=== WHAT YOU HAVE TO DO ===
Nothing but an exact repeat of the data, with pictures removed, belongs in the answer.

----

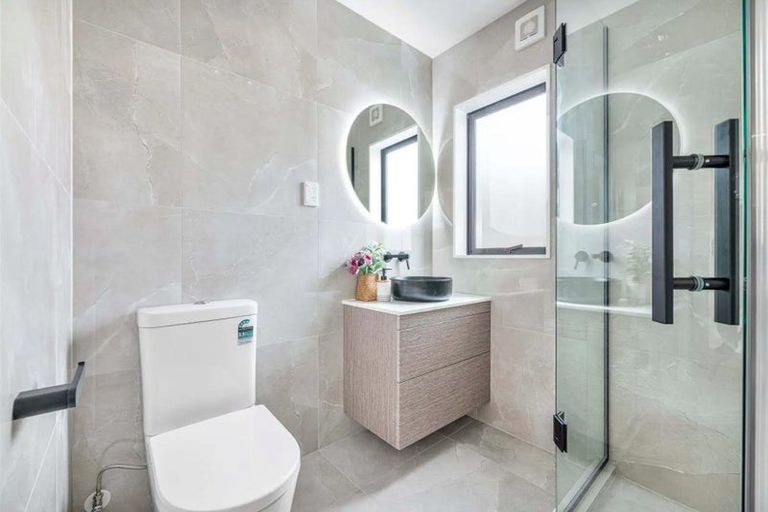 Photo of property in 14b Firth Road, Torbay, Auckland, 0630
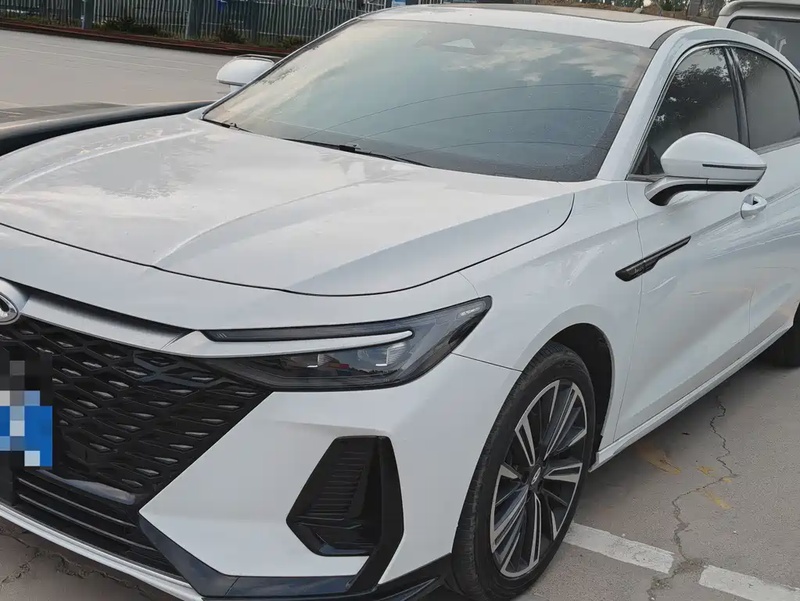 Chery Arrizo 8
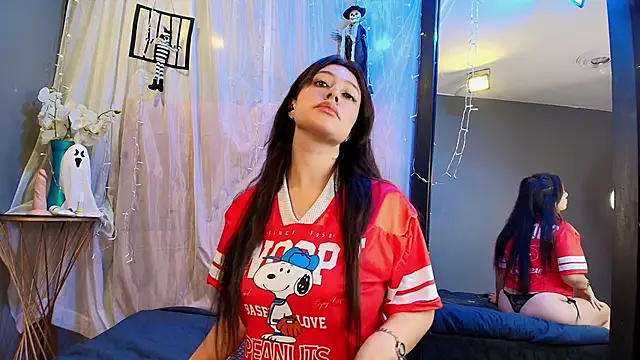 Shalyn Lux online show from 10-24-25, 03:16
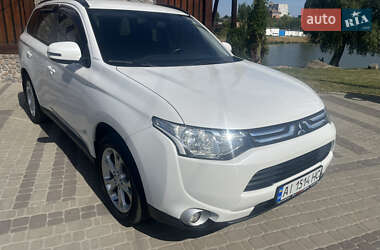 Внедорожник / Кроссовер Mitsubishi Outlander 2013 в 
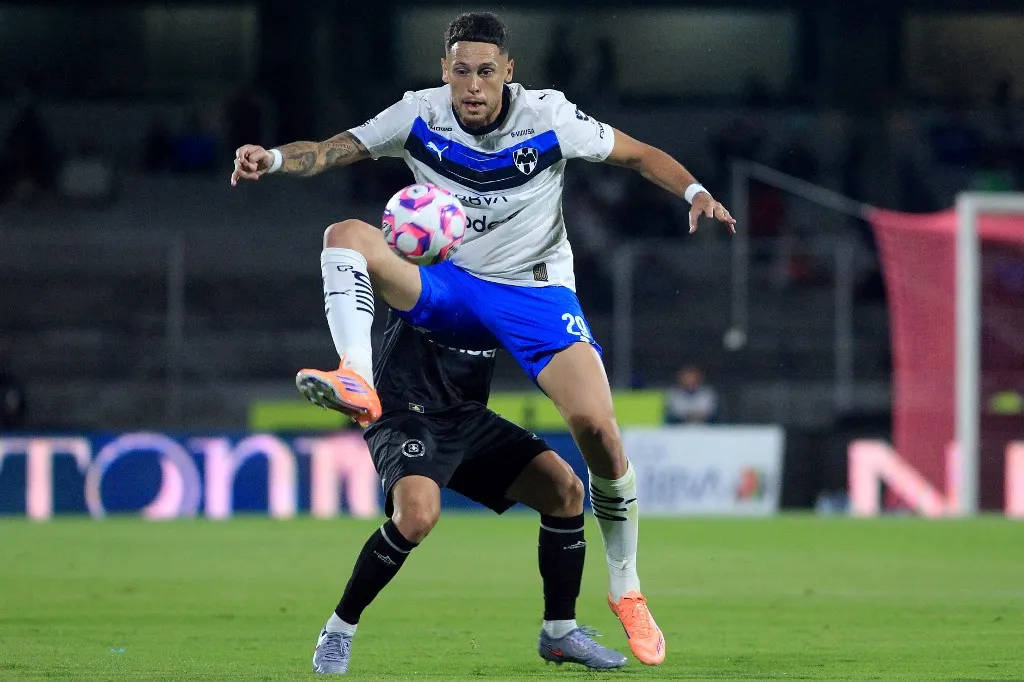 Lukas Okampos (©AFP)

----

=== WRITTEN REPLY ===
 Photo of property in 14b Firth Road, Torbay, Auckland, 0630
 Chery Arrizo 8
 Shalyn Lux online show from 10-24-25, 03:16
 Внедорожник / Кроссовер Mitsubishi Outlander 2013 в 
 Lukas Okampos (©AFP)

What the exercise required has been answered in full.